WORK REQUIRED =>
Could you copy each line of the entries that contains "featuring"?

TASK DATA =>
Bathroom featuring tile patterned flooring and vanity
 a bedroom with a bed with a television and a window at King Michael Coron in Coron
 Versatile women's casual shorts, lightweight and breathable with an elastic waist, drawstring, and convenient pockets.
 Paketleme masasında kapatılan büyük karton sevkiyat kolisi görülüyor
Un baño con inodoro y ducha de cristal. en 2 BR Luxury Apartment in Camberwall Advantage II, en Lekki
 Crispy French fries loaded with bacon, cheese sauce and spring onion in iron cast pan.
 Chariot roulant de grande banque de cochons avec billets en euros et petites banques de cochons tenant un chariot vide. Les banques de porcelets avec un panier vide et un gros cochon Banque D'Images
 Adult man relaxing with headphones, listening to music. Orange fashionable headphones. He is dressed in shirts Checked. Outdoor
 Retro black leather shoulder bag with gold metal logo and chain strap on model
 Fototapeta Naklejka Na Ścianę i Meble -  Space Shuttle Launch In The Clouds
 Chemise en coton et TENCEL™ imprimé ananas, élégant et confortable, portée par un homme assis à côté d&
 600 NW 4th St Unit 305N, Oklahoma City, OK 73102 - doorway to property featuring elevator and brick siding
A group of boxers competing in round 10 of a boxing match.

YOUR SOLUTION =>
Bathroom featuring tile patterned flooring and vanity
 600 NW 4th St Unit 305N, Oklahoma City, OK 73102 - doorway to property featuring elevator and brick siding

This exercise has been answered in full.